Le jugement sera confirmé sur ce point, comme sur l’allocation à Mme [O] des sommes suivantes :

-12 501 euros à titre d’indemnité compensatrice de préavis

-1 250,10 euros au titre des congés payés afférents

-1 823,07 euros à titre d’indemnité de licenciement

Compte tenu de l’ancienneté de Mme [O], soit un an au service d’une entreprise employant plus de 11 salariés, du salaire mensuel brut qu’elle a perdu (4 167 euros) et de son âge (année de naissance 1989), il lui sera alloué une indemnité de licenciement abusif arbitrée à 4 167 euros en application de l’article L 1235-3 du code du travail.

5 – sur la demande de dommages-intérêts pour procédure abusive

Mme [O] soutient que l’appel formé par la société Eukles Solutions est constitutif d’une procédure abusive puisque cette dernière ne pouvait ignorer le bien-fondé du jugement rendu par le conseil de prud’hommes, mais l’exercice d’une voie de recours, qui est un droit ouvert aux parties, ne peut en soi être considéré comme abusif.

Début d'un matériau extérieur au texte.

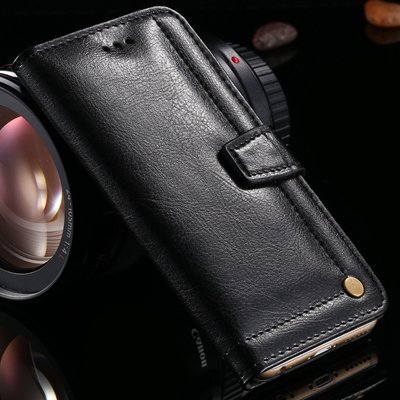 For Iphone 6 Real Leather Case Retro Luxury Original Genuine Leath 32266419115-1-Black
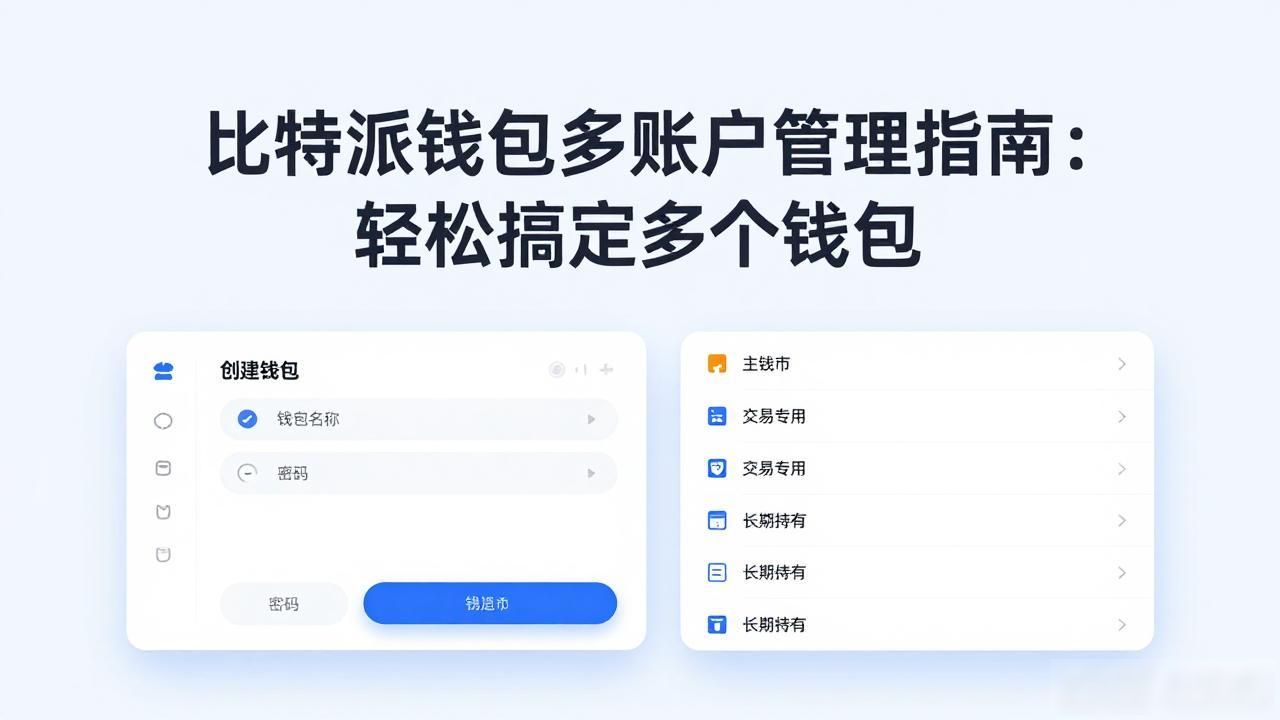 比特派钱包多账户管理_如何在比特派钱包app中管理多个账户？_创建钱包助记词备份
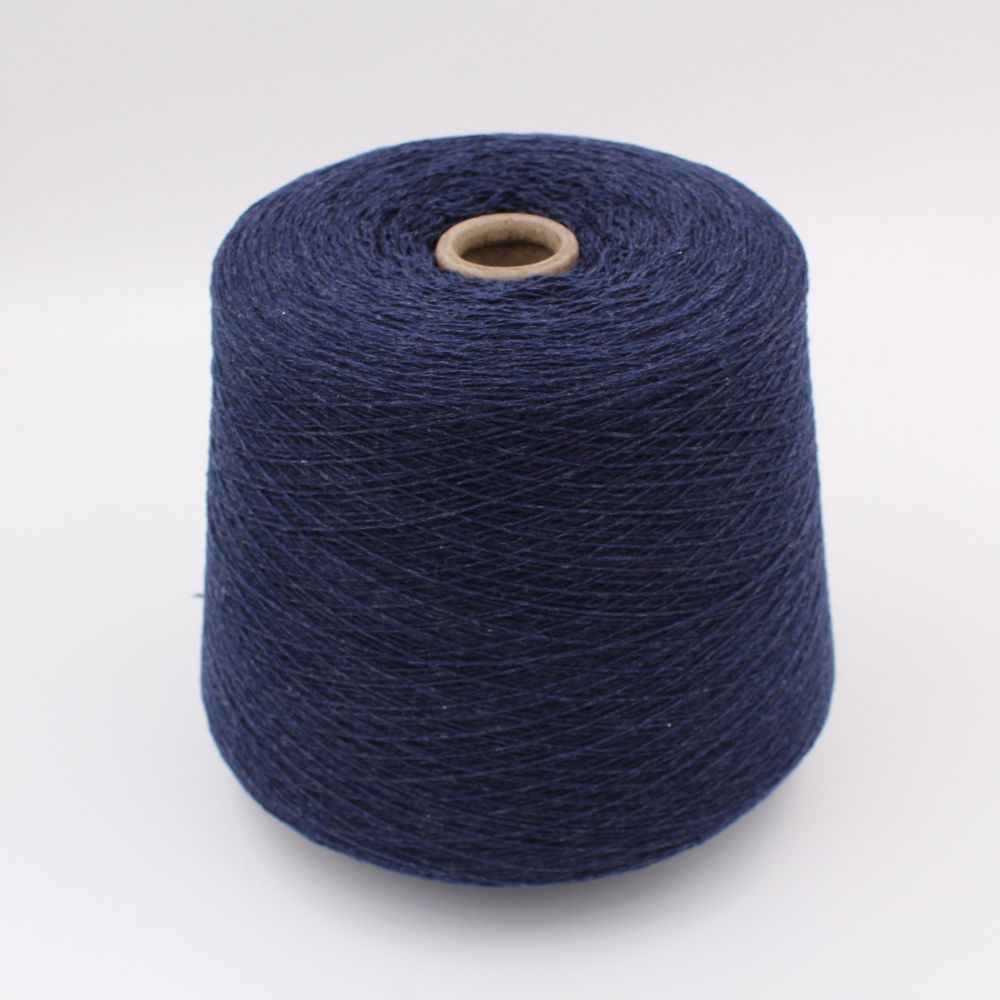 100% Cashmere nm 2/15 color blue cones 560 gr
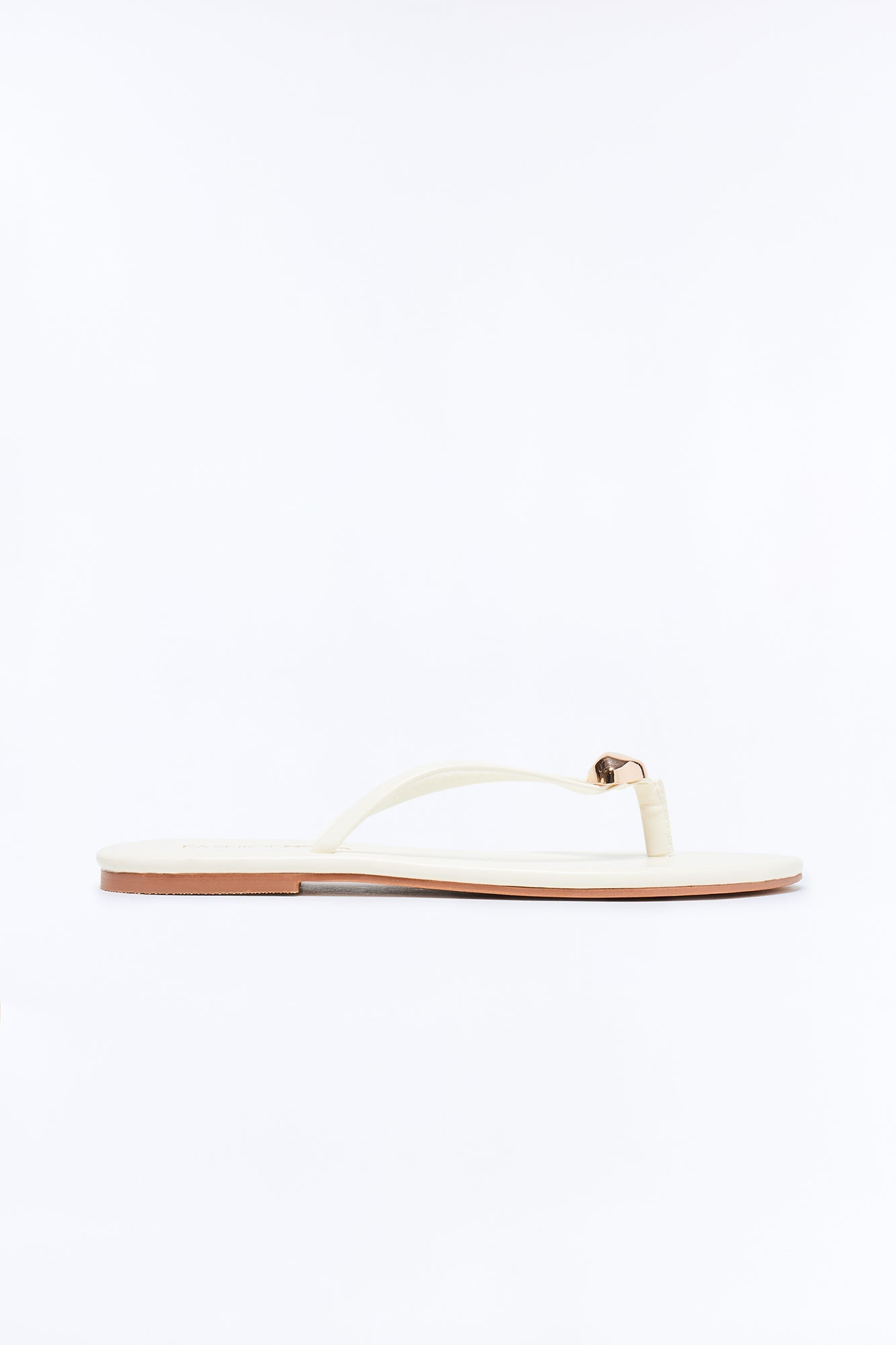 Pina Colada Hardware Flip Flops - Off White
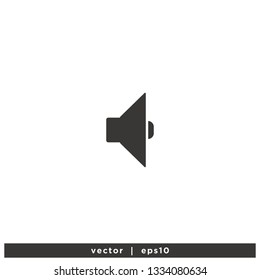 Sound speaker icon vector logo template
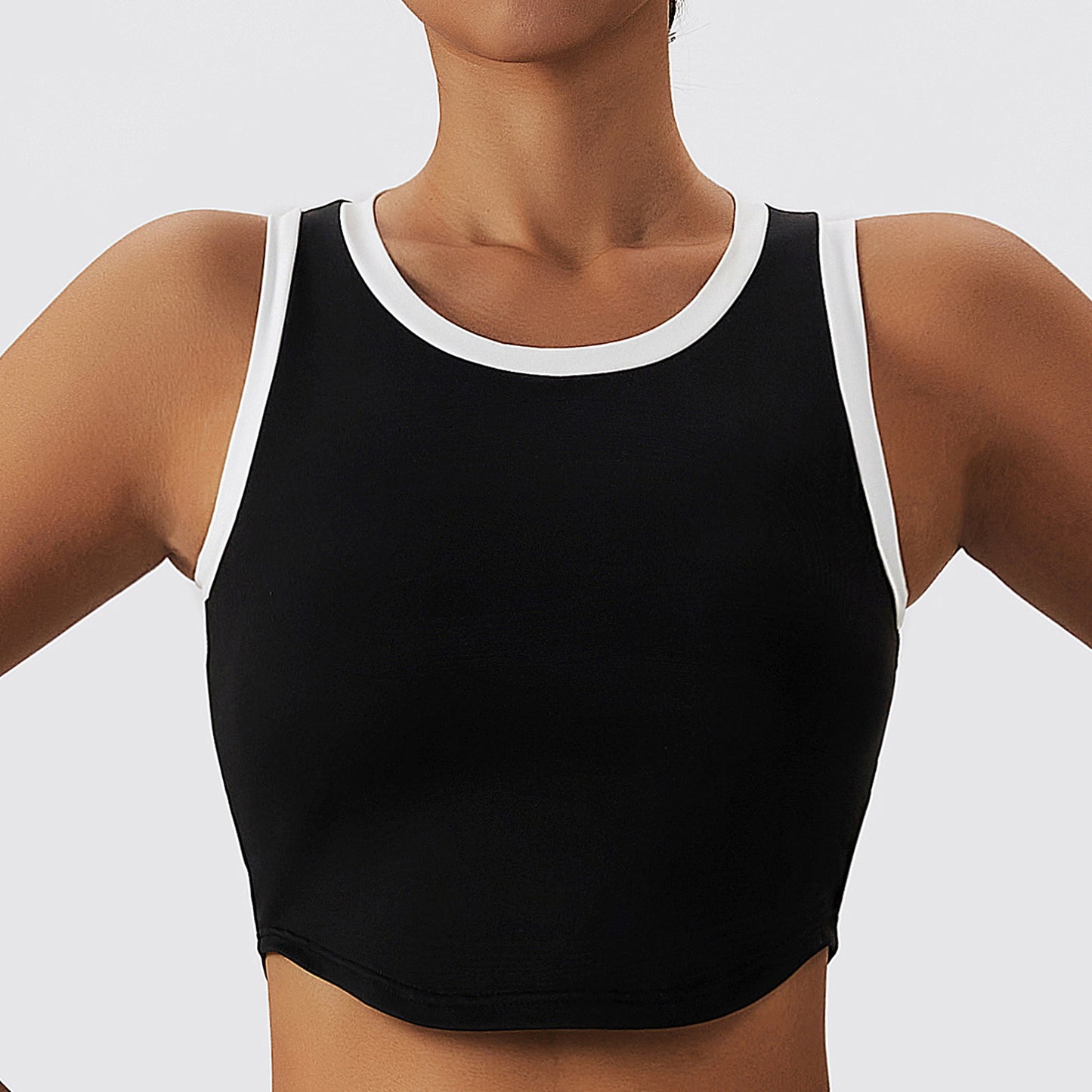 Contrast Quick-drying Fitness Top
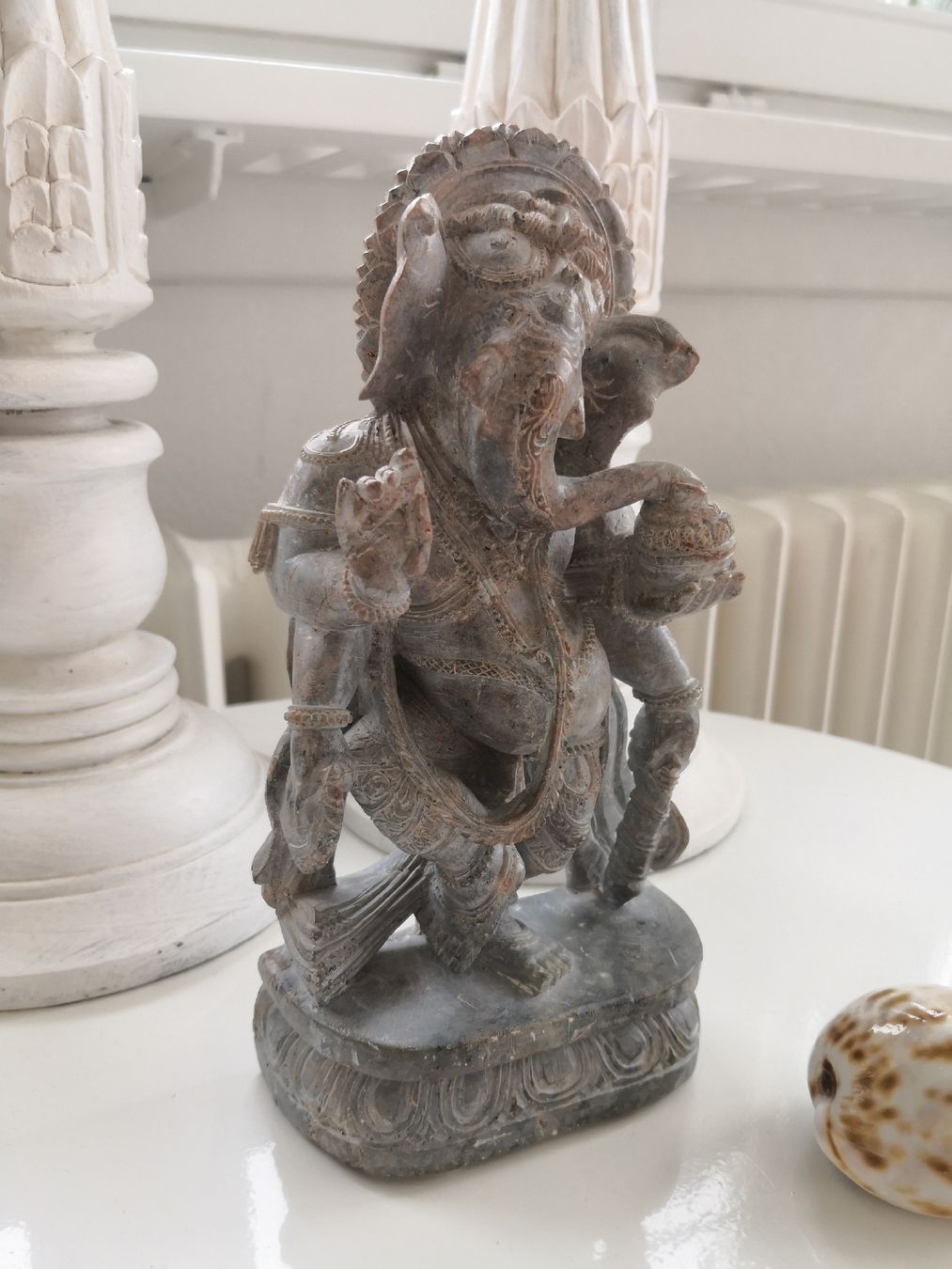 Sculture & Statue: 🤩HANDGEMEISELTE GANESHA STATUE SPECKSTEIN EINZELSTÜCK INDIA – Nuovo (secondo la descrizione) da Olten venduto da Naja-Twins-Twins 2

En conséquence, Mme [O] sera déboutée de sa demande.

6 – sur les autres demandes

Il sera ordonné à la société Eukles Solutions de remettre un bulletin de paie récapitulatif

La société Eukles Solutions sera condamnée à verser à Mme [O] la somme de 1 000 euros en application des dispositions de l’article 700 du code de procédure civile.

Partie succombante, la société Eukles Solutions supportera la charge des dépens d’appel.

PAR CES MOTIFS

La cour,

Déclare recevable la demande formée par Mme [O] au titre du rappel de commissions et congés payés afférents

Confirme le jugement entrepris en toutes ses dispositions, sauf en ce qu’il a débouté Mme [O] de sa demande au titre du rappel de commissions et congés payés afférents

Y ajoutant,

Condamne la société Eukles Solutions à verser à Mme [C] [O] les sommes suivantes :

-6 221,04 euros au titre du rappel de commissions

-622,10 euros au titre des congés payés afférents

-1 000 euros sur le fondement des dispositions de l’article 700 du code de procédure civile

Déboute les parties de leurs demandes plus amples ou contraires

Condamne la société Eukles Solutions aux dépens d’appel.